▸ **Task prompt**:
Your reply should set down word for word each line below from the one with "Jongup SOME (Jongup" through the final line, both included, but none of the pictures.

▸ **Material provided**:

=== Section Start ===

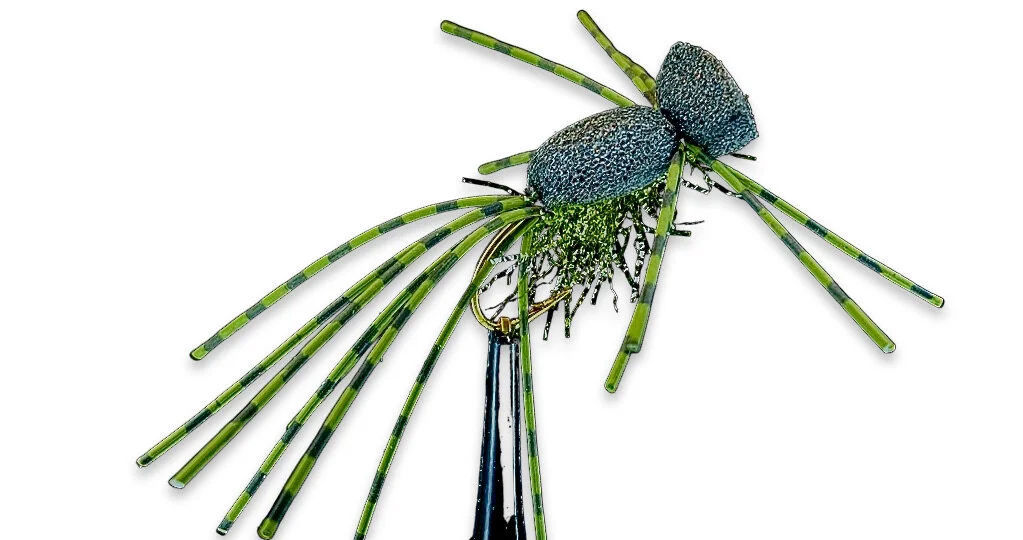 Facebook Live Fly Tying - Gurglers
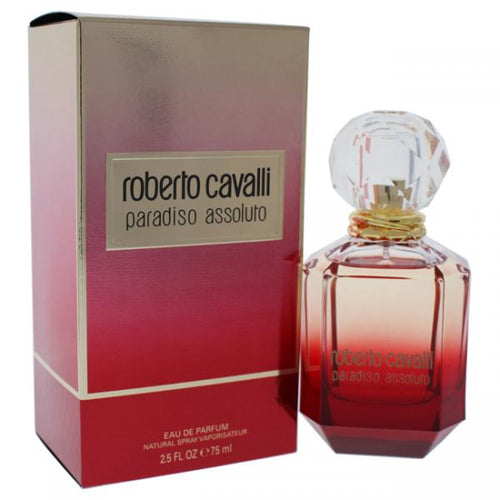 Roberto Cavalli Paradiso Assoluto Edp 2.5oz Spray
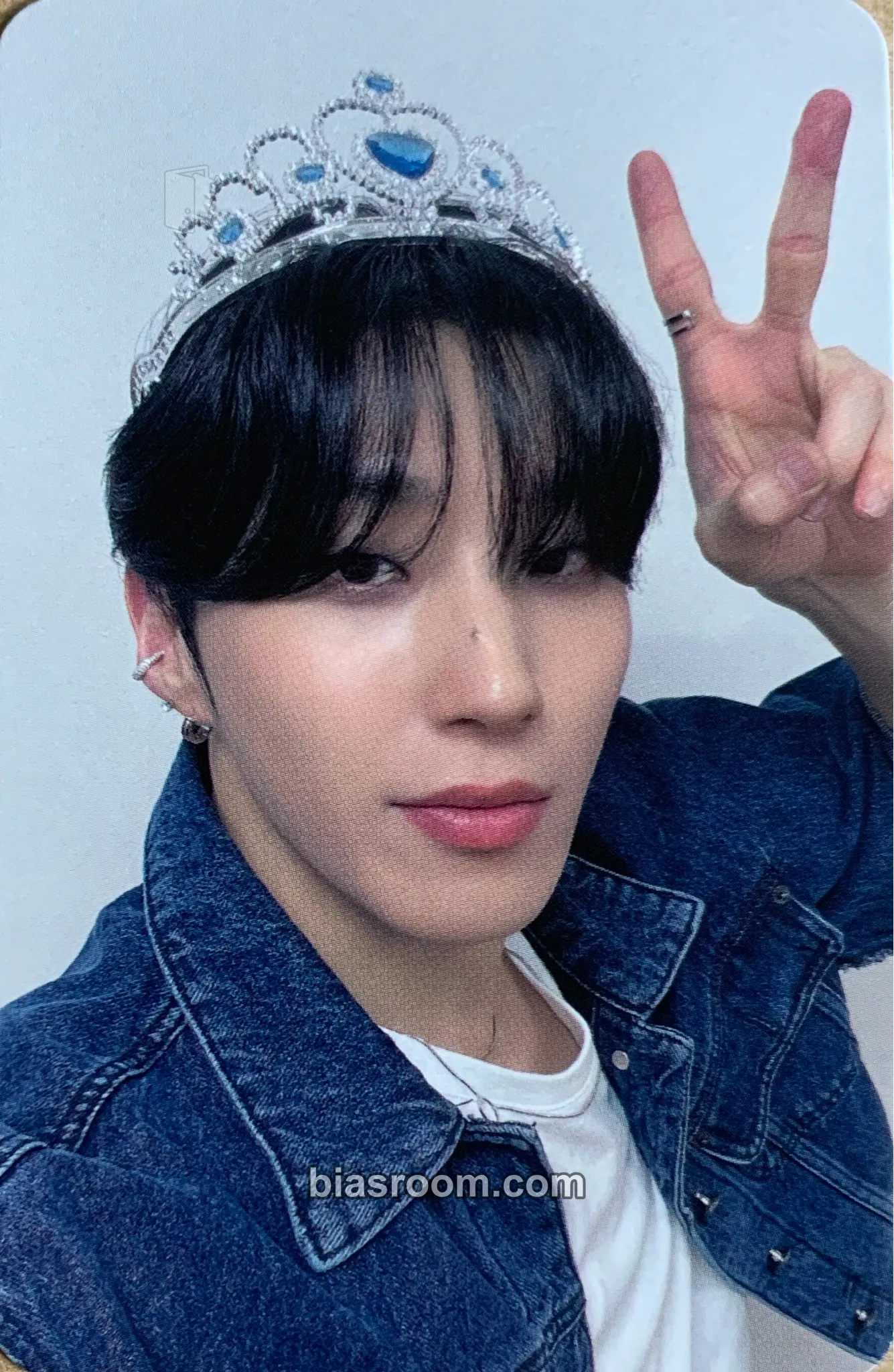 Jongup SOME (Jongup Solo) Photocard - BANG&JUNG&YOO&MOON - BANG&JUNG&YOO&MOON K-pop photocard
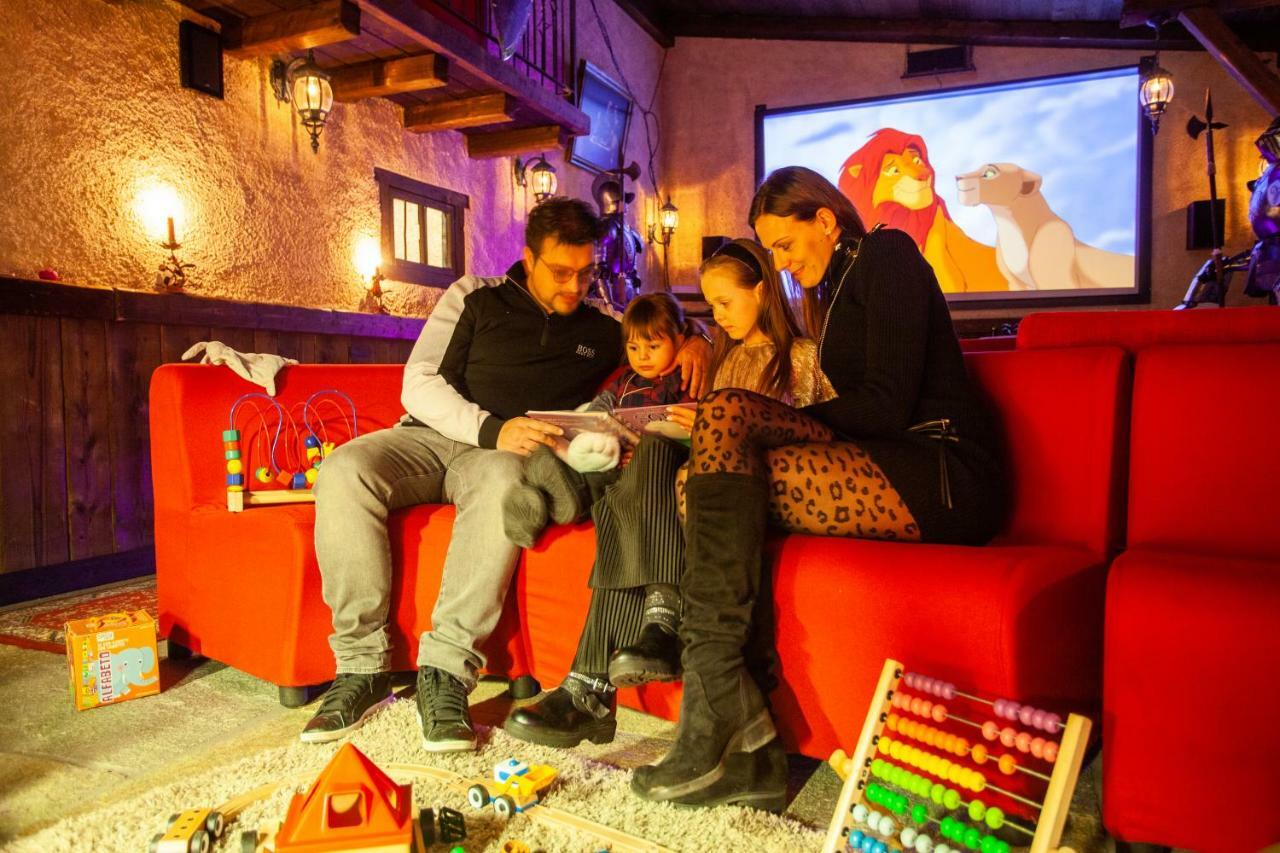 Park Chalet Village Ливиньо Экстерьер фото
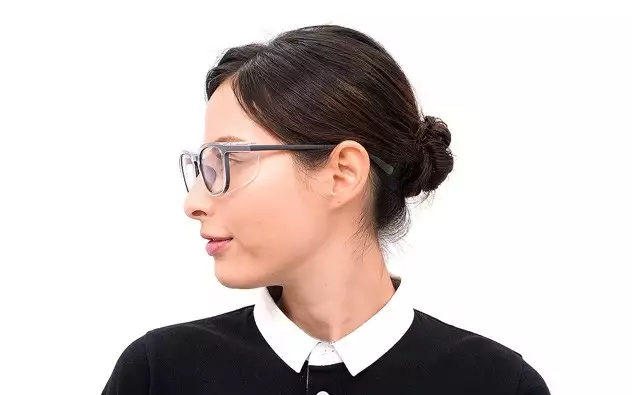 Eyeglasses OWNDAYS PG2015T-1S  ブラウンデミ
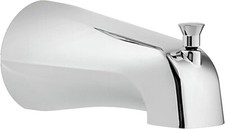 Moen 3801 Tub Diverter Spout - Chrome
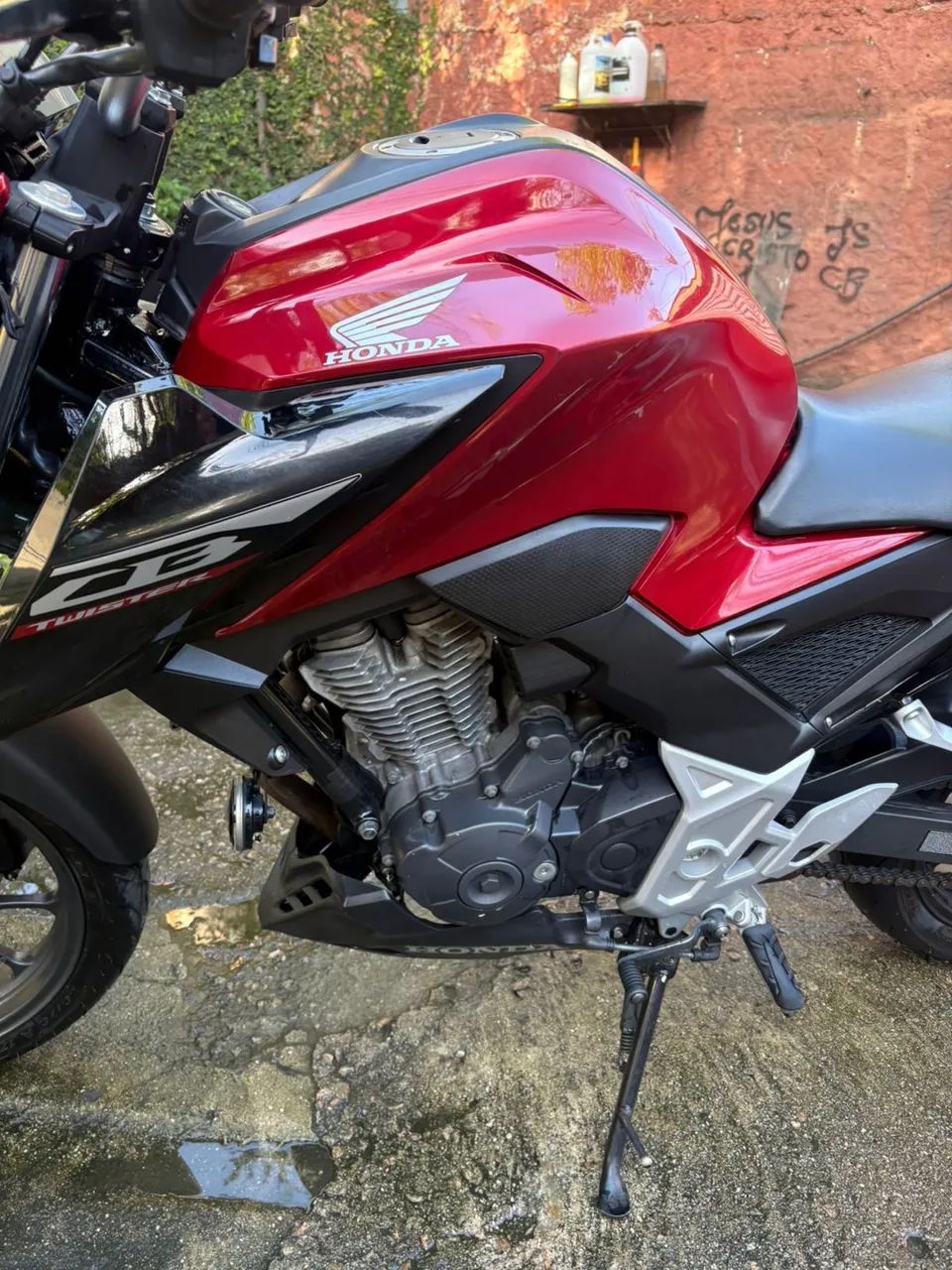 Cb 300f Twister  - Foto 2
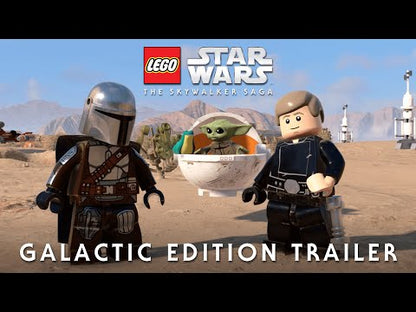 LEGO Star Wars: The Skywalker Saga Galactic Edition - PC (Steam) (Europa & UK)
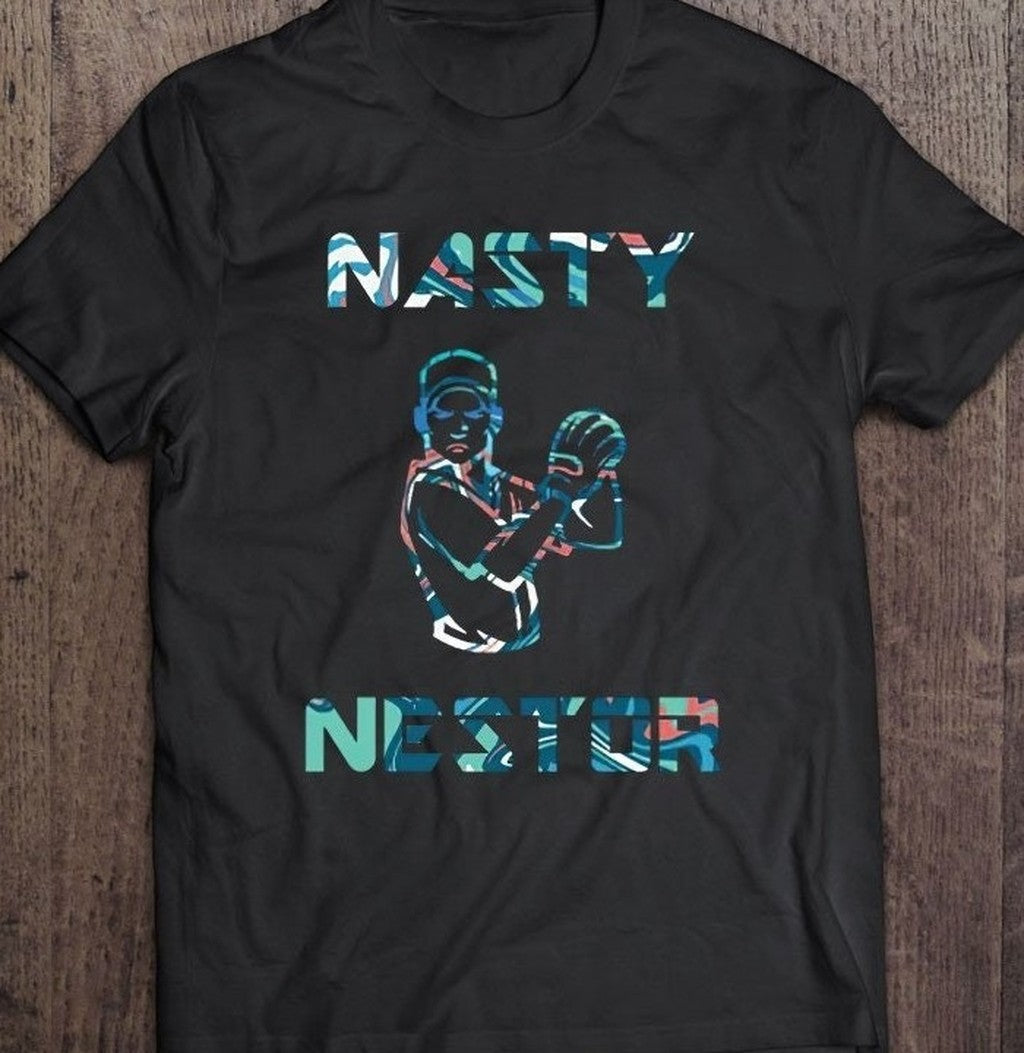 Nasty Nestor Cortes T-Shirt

=== Section End ===

▸ **Response**:
 Jongup SOME (Jongup Solo) Photocard - BANG&JUNG&YOO&MOON - BANG&JUNG&YOO&MOON K-pop photocard
 Park Chalet Village Ливиньо Экстерьер фото
 Eyeglasses OWNDAYS PG2015T-1S  ブラウンデミ
 Moen 3801 Tub Diverter Spout - Chrome
 Cb 300f Twister  - Foto 2
 LEGO Star Wars: The Skywalker Saga Galactic Edition - PC (Steam) (Europa & UK)
 Nasty Nestor Cortes T-Shirt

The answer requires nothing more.